EXTRACTED RECORDS:
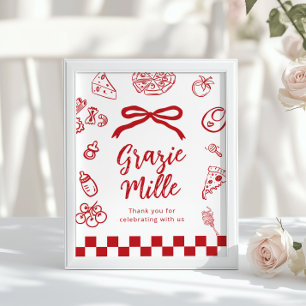 Póster Grazie Mille Gracias por venir Pizza Caprichosa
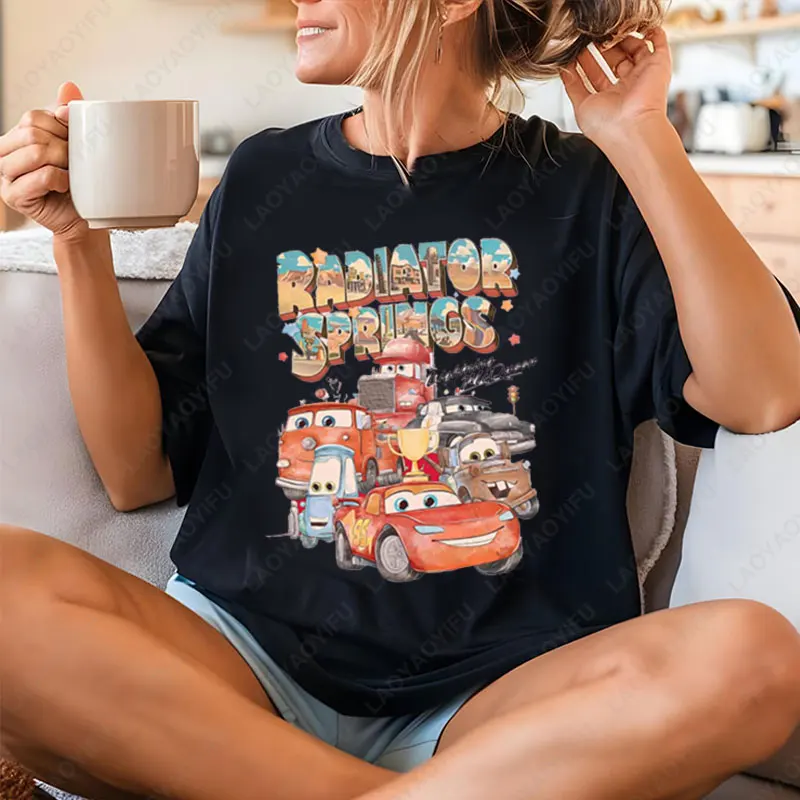 

Retro Radiator Springs Tshirt Lightning McQueen Shirt Fun Cartoon Cars Movie Tees Two-sided Printed Men Woman Cotton Casual Tops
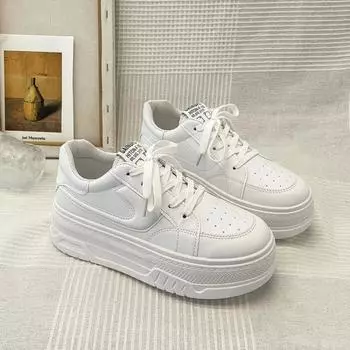 Модные популярные белые туфли на толстой подошве для женщин 2024 года, новые летние дышащие туфли-лодочки и туфли для досок 35 белый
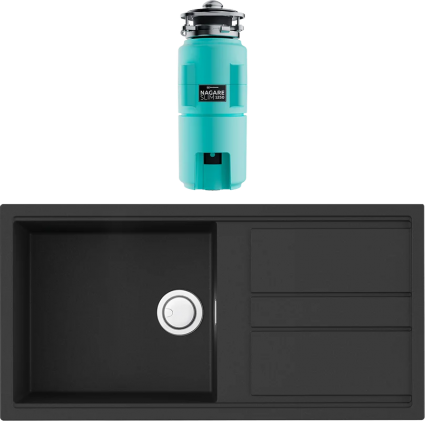 Комплект Мойка Omoikiri Kitagawa 100 графит + Измельчитель Nagare slim 1250-AZ azur blue матовая, прямоугольная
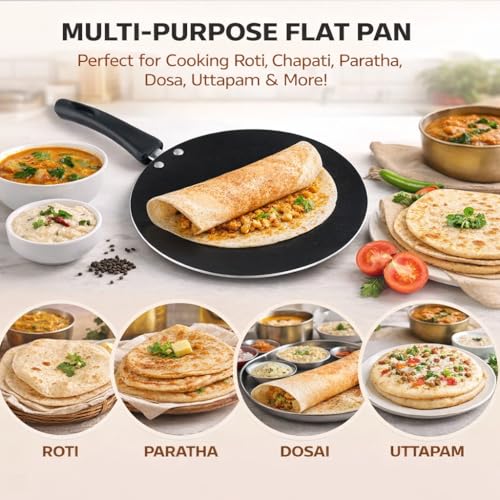 Image of Non-Stick Concave Tawa 25 cm 3mm Thick Heavy Base Induction & Gas Compatible Black Series Multi-Purpose Flat Pan for Roti, Chapati, Paratha, Dosa, Uttapam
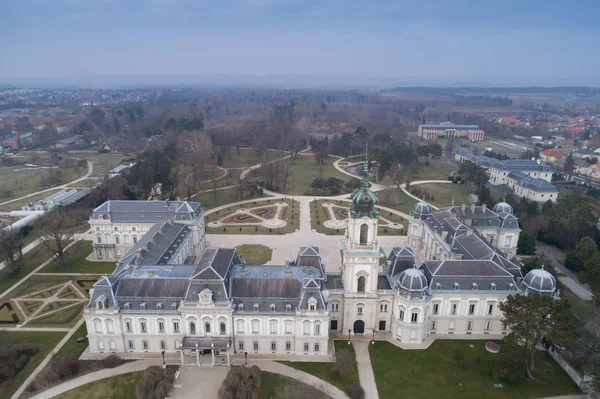 Foto aerea del castello dei Festetici a Keszthely — Foto Stock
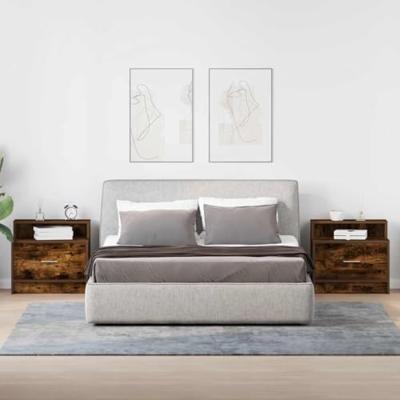 Nachtkastjes 2 st met lade 51x31x47 cm gerookt eikenkleurig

YOUR OBJECTIVE: Retype, exactly and with no pictures, everything above from the line with "Image of Non-Stick" down to the line with "Foto aerea del", both included.

ANSWER TO THIS PROBLEM:
 Image of Non-Stick Concave Tawa 25 cm 3mm Thick Heavy Base Induction & Gas Compatible Black Series Multi-Purpose Flat Pan for Roti, Chapati, Paratha, Dosa, Uttapam
 Foto aerea del castello dei Festetici a Keszthely — Foto Stock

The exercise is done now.